--- RECORDED INFORMATION ---
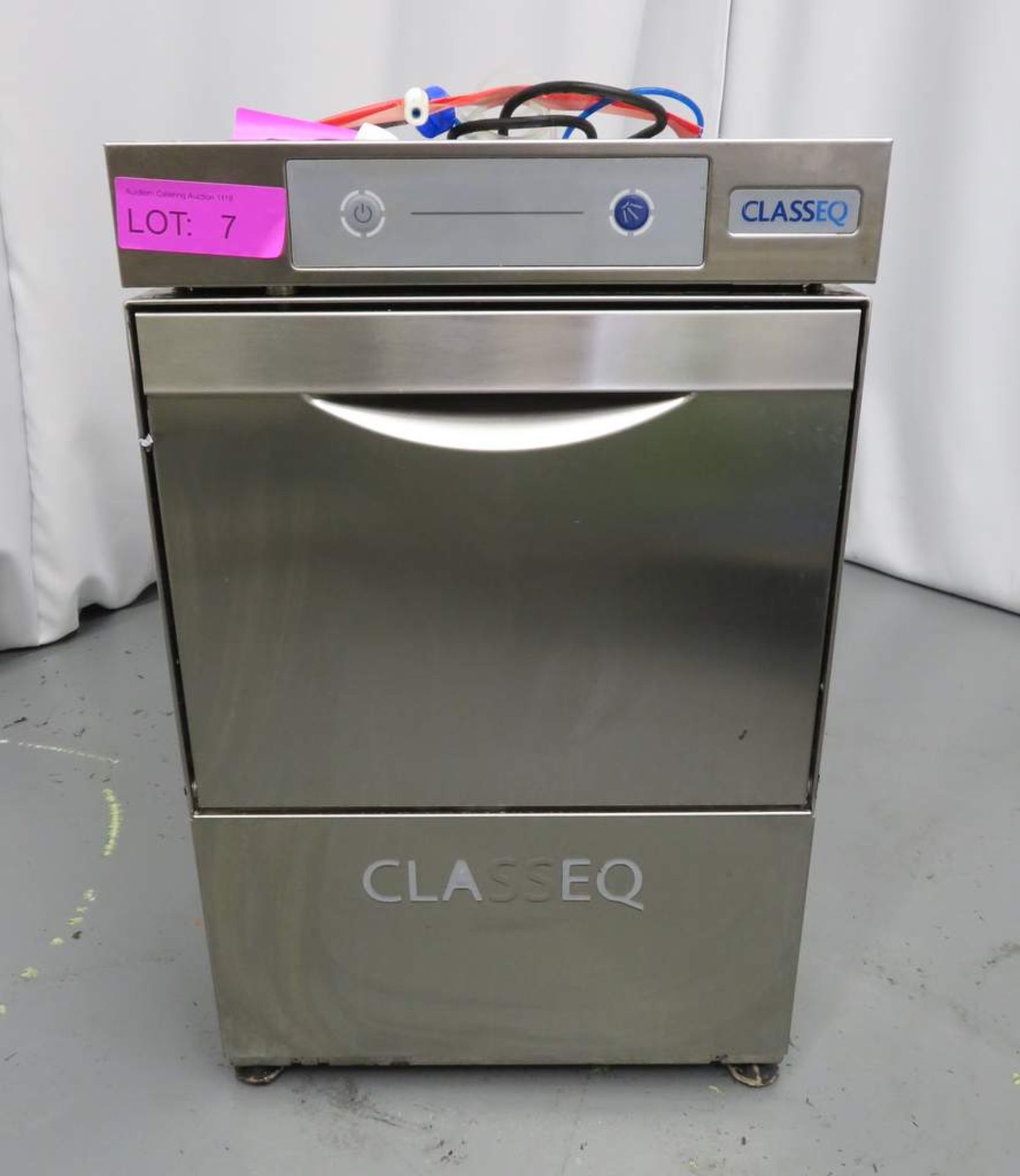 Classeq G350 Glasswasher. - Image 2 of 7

==

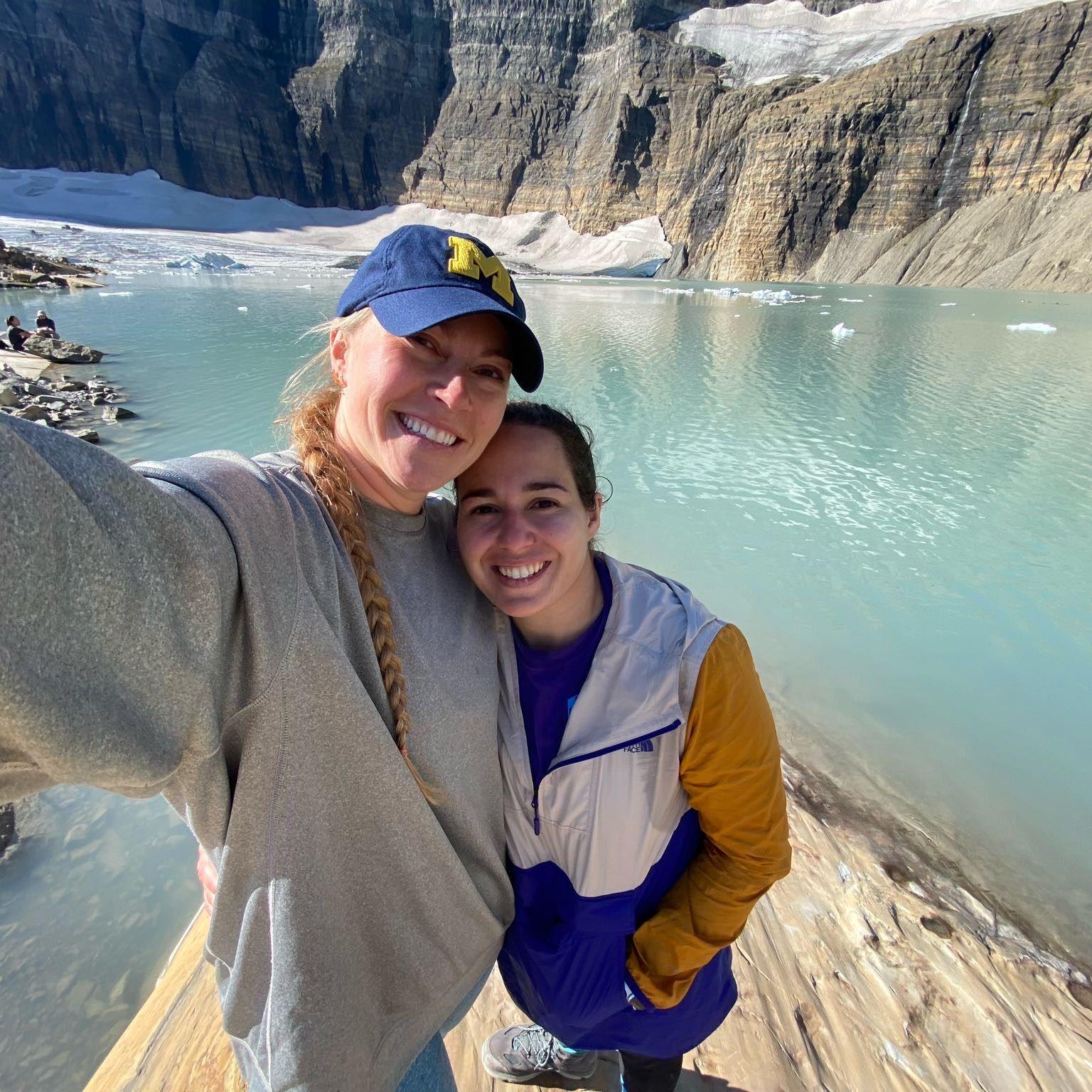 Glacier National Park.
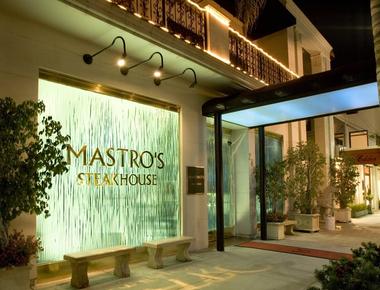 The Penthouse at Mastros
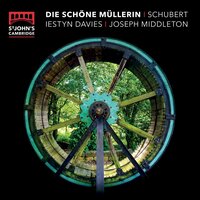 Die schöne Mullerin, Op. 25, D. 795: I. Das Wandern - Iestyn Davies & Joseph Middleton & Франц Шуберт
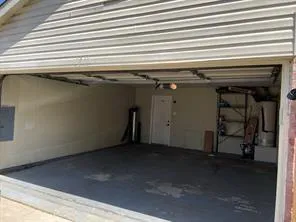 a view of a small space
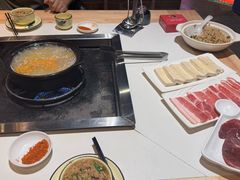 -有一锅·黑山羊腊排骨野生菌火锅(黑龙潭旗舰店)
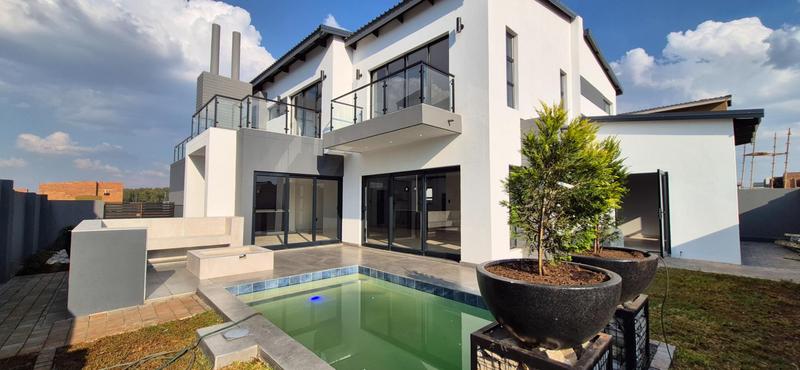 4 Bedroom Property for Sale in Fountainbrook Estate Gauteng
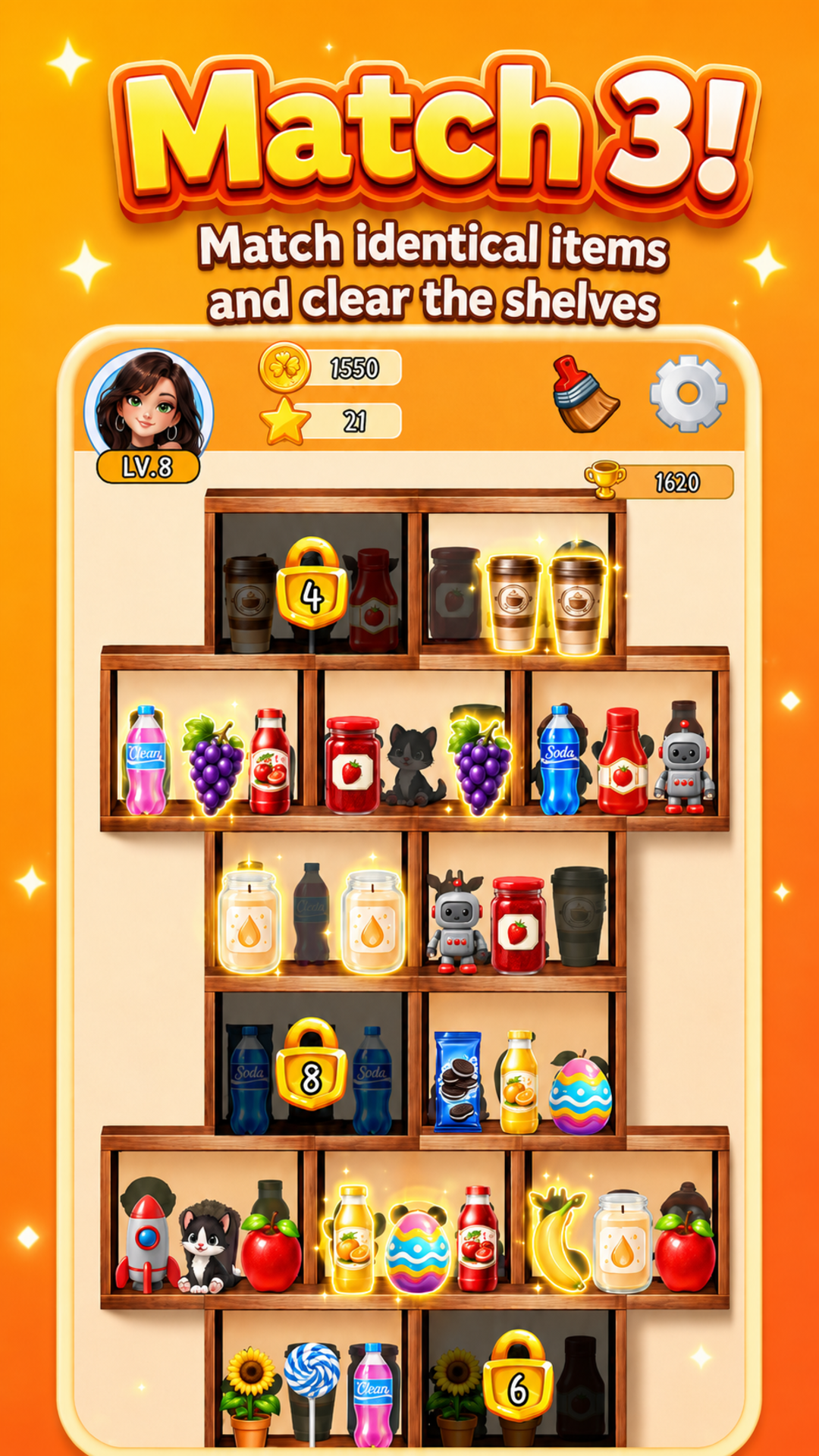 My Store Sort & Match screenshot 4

---

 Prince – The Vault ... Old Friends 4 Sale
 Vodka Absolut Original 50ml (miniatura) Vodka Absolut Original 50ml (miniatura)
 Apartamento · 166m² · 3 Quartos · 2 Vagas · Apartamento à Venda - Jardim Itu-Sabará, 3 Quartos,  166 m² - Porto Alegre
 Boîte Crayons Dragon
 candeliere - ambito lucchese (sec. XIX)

--- WORK TO BE COMPLETED ---
Only those lines of the entries above that run from the line containing "Vodka Absolut Original 50ml (miniatura) Vodka" to the line containing "candeliere - ambito lucchese (sec. XIX)", both included, should be transcribed exactly.

--- SOLUTION TO THIS EXERCISE ---
 Vodka Absolut Original 50ml (miniatura) Vodka Absolut Original 50ml (miniatura)
 Apartamento · 166m² · 3 Quartos · 2 Vagas · Apartamento à Venda - Jardim Itu-Sabará, 3 Quartos,  166 m² - Porto Alegre
 Boîte Crayons Dragon
 candeliere - ambito lucchese (sec. XIX)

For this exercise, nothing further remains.